Kugel knew that only by making new music again would she recover her ability to sing. In 2021, she began making Derealization. After that, when she felt like she could sing again, it was a creative and personal triumph. “Once I started making this record, that’s when I got my voice back,” she says. “It was like a sense of self that I hadn’t really had since the Coathangers started when I was very sure of myself and what I wanted to say.”
Making new music again reminded Kugel of the creative impulses that drove her to make music in the first place. While creating Derealization, Kugel went back to her origins as a musician by playing the acoustic guitar and the piano, giving the record a stripped-down sound.

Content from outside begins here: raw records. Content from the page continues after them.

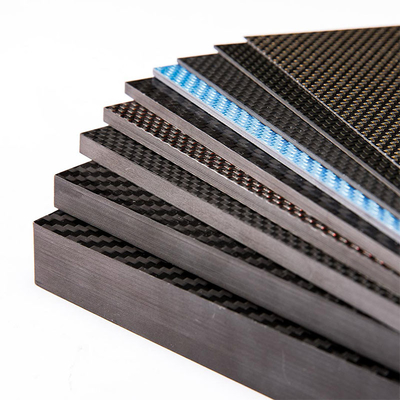 Quasi-Isotropic Solid Plain Weave Carbon Fiber Sheet Heat Resistant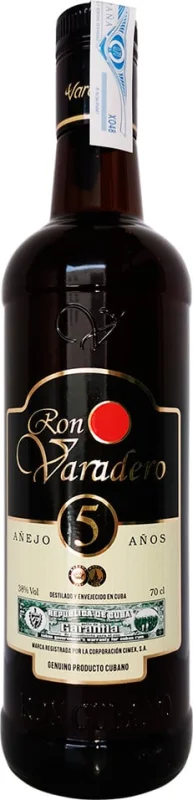 Varadero Añejo Réserve 5 ans (Cuba) - Photo principale du produit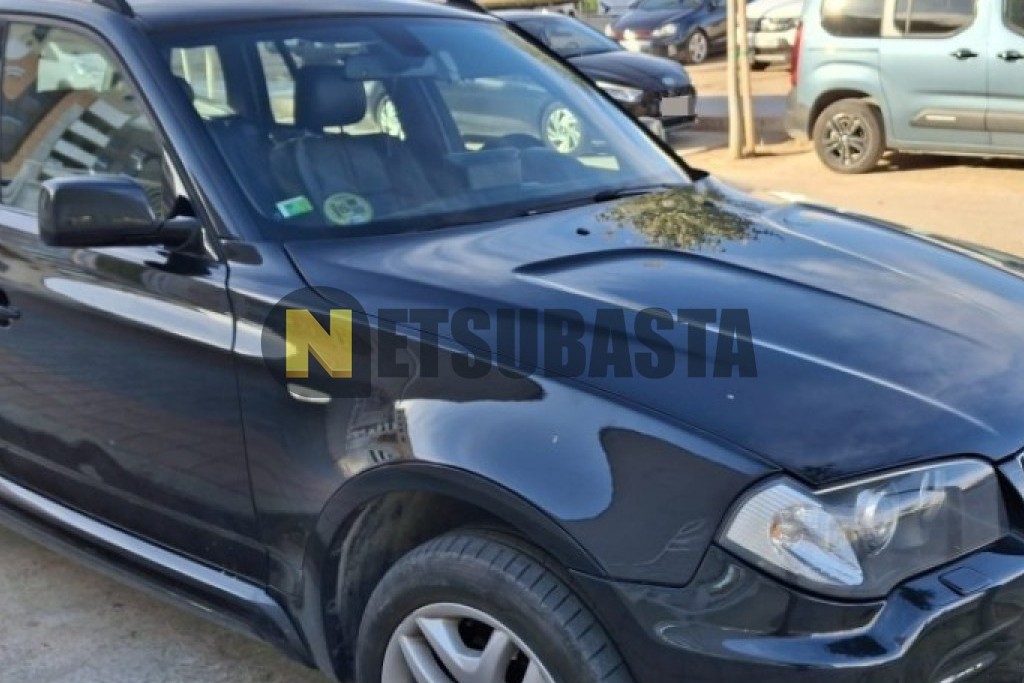 Bmw X3 3.0d Aut. 2006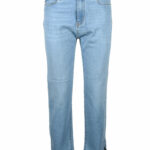 Jeans mom Love Moschino Celeste - Foto 1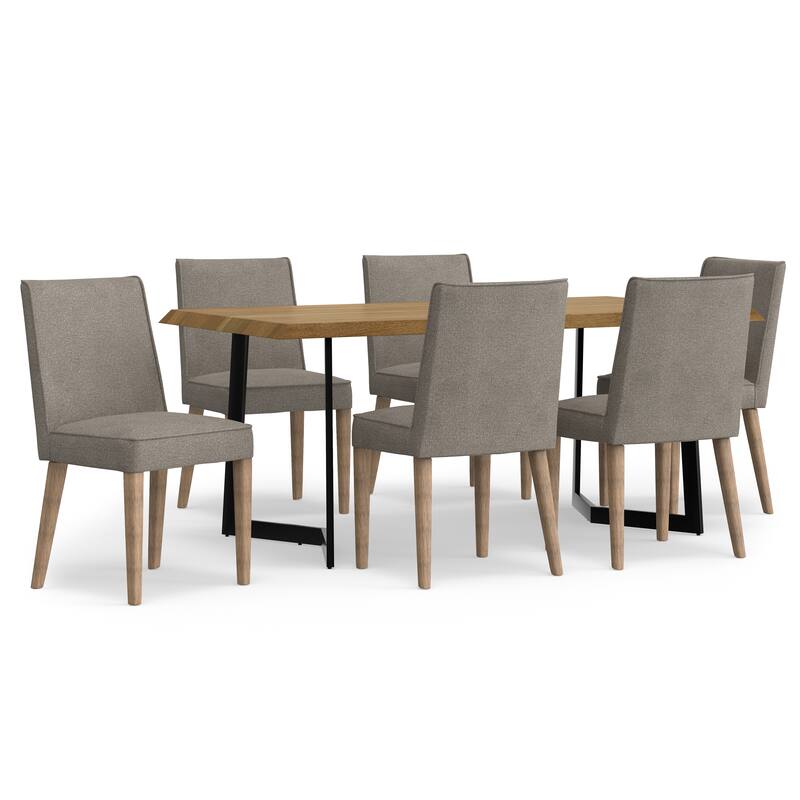 WyndenHall Navan/Hathaway 7-Piece Dining Set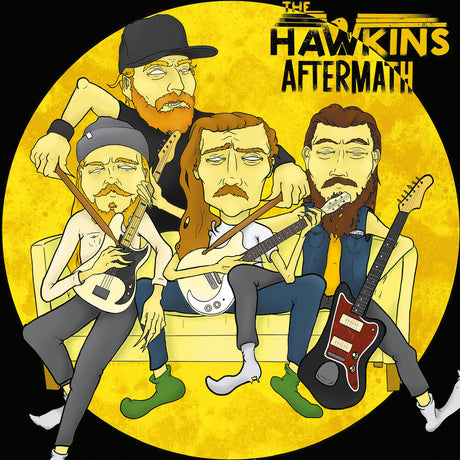 the album cover for Hawkins - Aftermath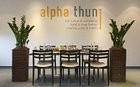 alpha thun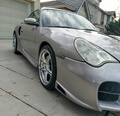 2002 Porsche 996 Turbo Automatic Meridian Metallic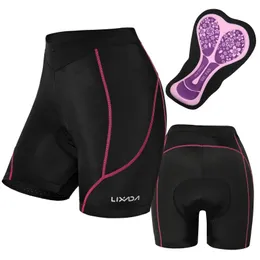 Intimo da ciclismo Pantaloncini imbottiti da bici da donna Ciclismo traspirante Biancheria intima imbottita 3D Bicicletta da equitazione Protezione dell'anca Ciclismo Collant da ciclismo 230224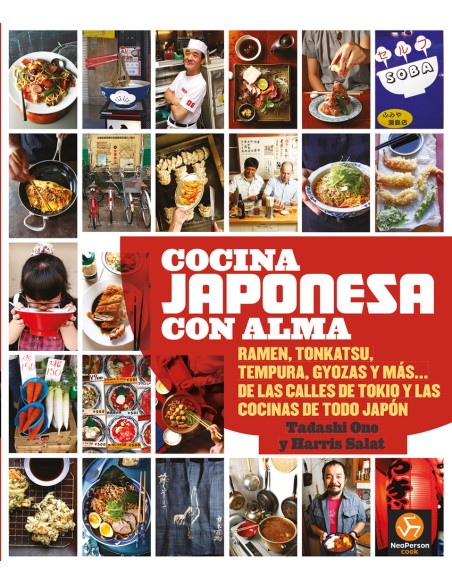 Cocina japonesa con alma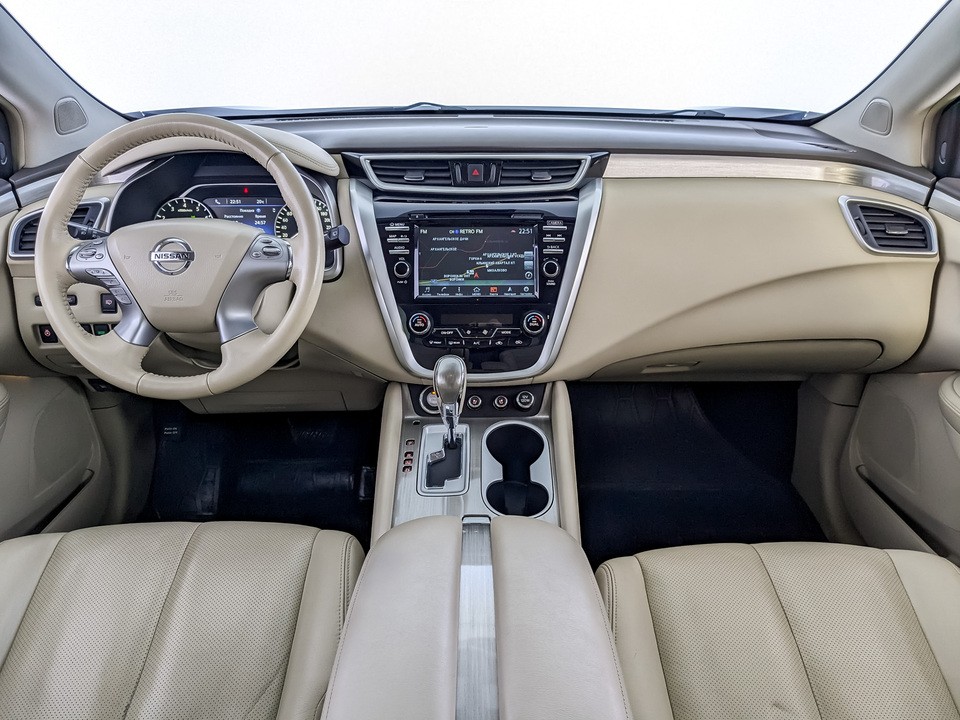 Nissan Murano Синий, 2019, 95 410 км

“It was cool to put some of that in, put some organic, unamplified stuff in there,” Kugel says. “It was just really exciting. No fuzz pedals or whatever!”

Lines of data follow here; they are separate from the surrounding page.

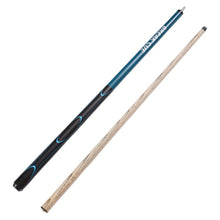 Load image into Gallery viewer, 1PC 145CM 9.5/14MM Club Head Split Ash Wood Pool Cue Punch And Jump Dual-Purpose Billiard Supplies
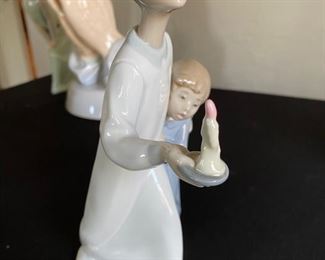 LLADRO 4874 BOY AND GIRL EXCELLENT CONDITION	5x4x8.5 inches		D714-9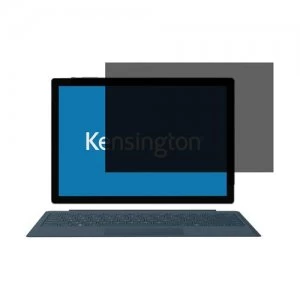 Image of Kensington privacy filter 2 way adhesive for Microsoft Surface Pro 4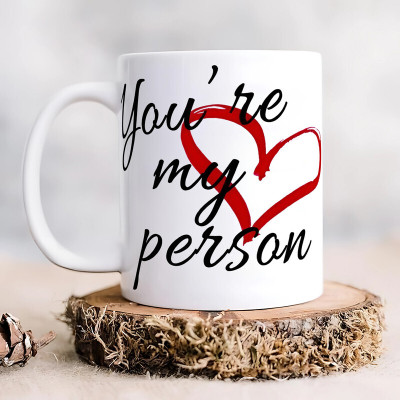 Hunter Studio Motivational Mindset 325ml White Coffee and Tea Cup with M_353 Ceramic Coffee Mug(325 ml)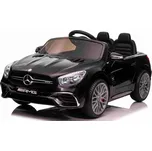 Mamido Elektrické autíčko Mercedes-Benz AMG SL65 S černé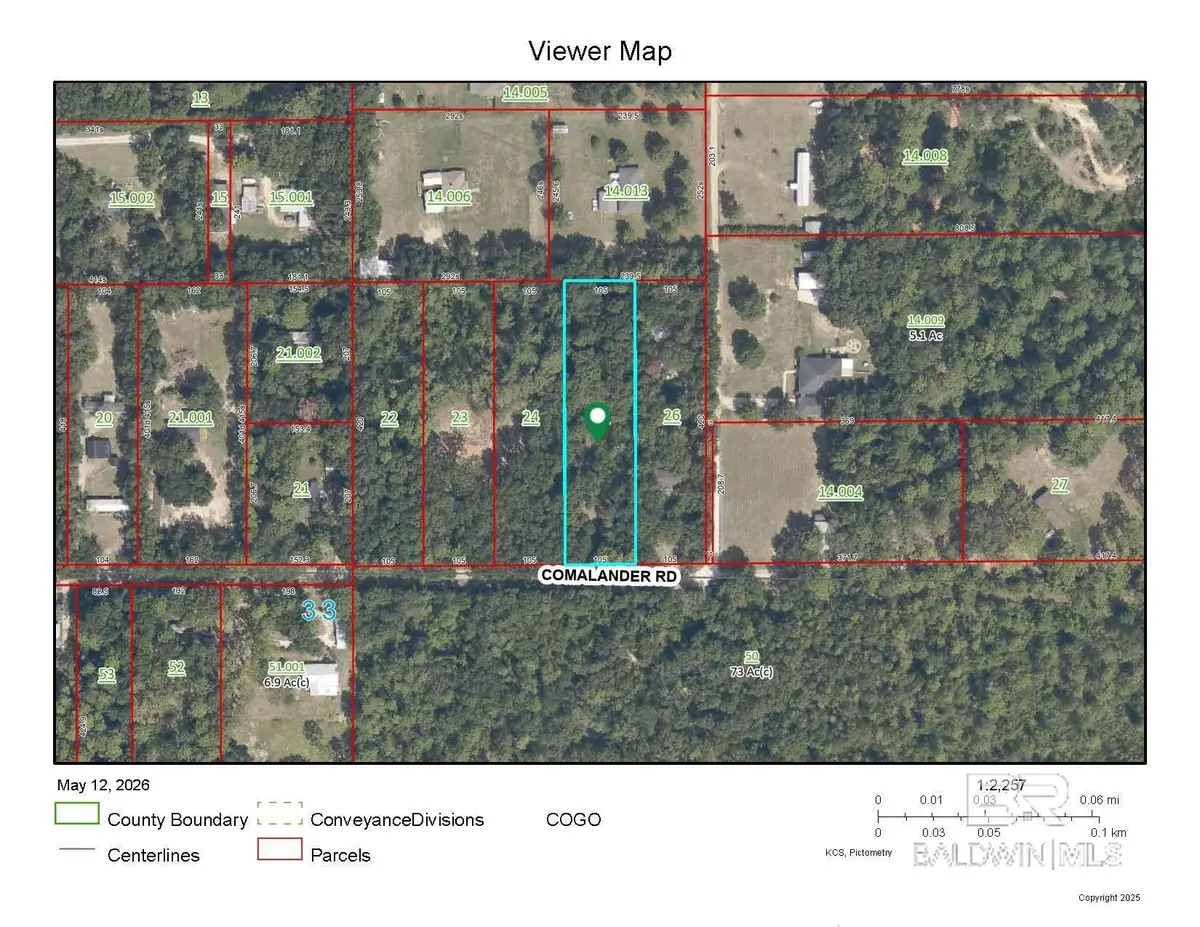 12335 Comalander Road, Fairhope, AL 36532 - #1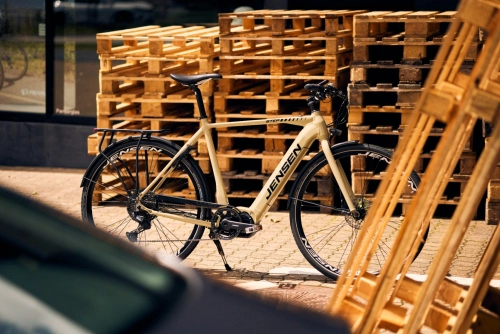 Jensen - EL - Cykel Herre 11 Gear Latte - M - Elcykel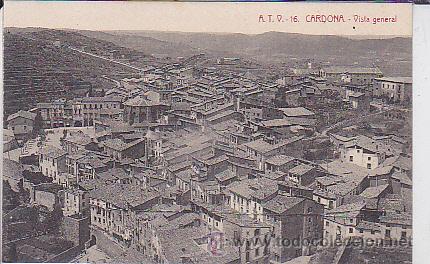 Postales: POSTAL CARDONA VISTA GENERAL - Foto 1
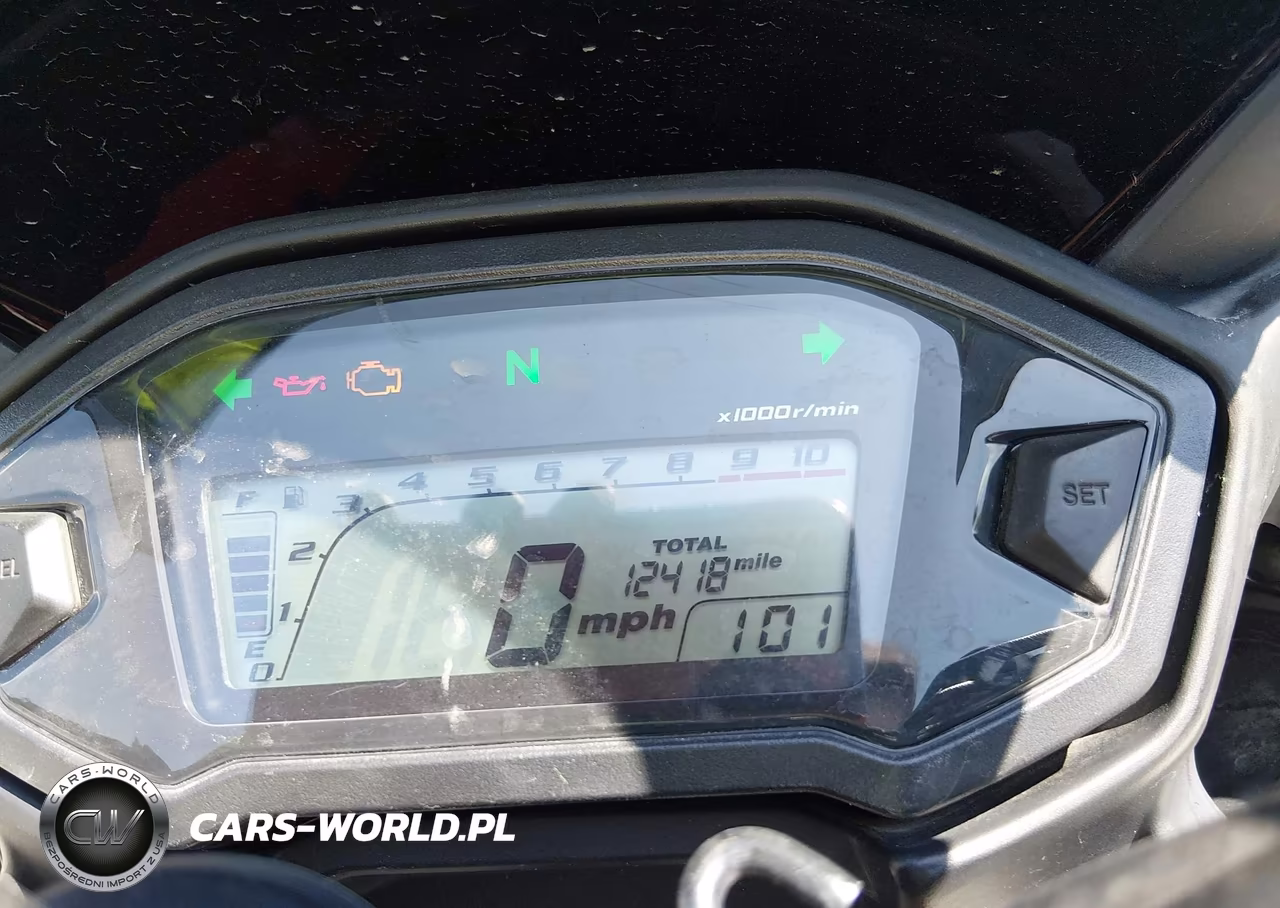 2014 Honda Cbr500 R VIN:MLHPC4464E5101416 - 7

In the end, Kugel decided to release Derealization under the name Julia, Julia instead of Soft Palms or White Woods. “It left me nothing to hide behind,” Kugel says. “First name Julia, last name Julia.”
While making the record, Kugel discovered the word “derealization,” which relates to the feeling of detachment from surroundings. It was during this discovery that she knew that this would be the album’s name. The concept of derealization is alluded to overtly on the track “Fever In My Heart,” particularly when Kugel sings, “Am I somebody else? Am I losing myself?”

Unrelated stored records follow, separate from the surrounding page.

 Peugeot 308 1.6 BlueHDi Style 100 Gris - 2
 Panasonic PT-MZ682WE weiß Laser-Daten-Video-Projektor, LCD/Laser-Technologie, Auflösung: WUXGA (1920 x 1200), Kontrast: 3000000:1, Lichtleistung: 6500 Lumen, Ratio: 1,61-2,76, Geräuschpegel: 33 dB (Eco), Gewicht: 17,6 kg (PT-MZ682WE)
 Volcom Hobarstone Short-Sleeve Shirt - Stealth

“Derealization is feeling like you’re in a dream feeling,” she says. “You don’t know reality.”
For Kugel, music was the way and destination during this difficult time. What began as a journey to understand who she was concluded with a testament to it. On “Do It Or Don’t,” Kugel sings, “Reap what you sow, but who can tell what will grow?” As Derealization shows, the answer turns out to be a renewed sense of purpose and meaning, both creatively and existentially.
“Everything on this record has meaning,” Kugel says.
As Kugel looks back on her whirlwind journey, she finds that music is more than just a balm during difficult moments in life. It is a radical tool for growth and transformation. Her relationship with music now is all the more meaningful because of it, and she’s embracing the future with excitement.
“I feel like I’m back, baby!” Kugel exclaims. “I’m so excited. I find myself staring off into space again, thinking about songs, thinking about what I want to say, instead of being fearful of it.”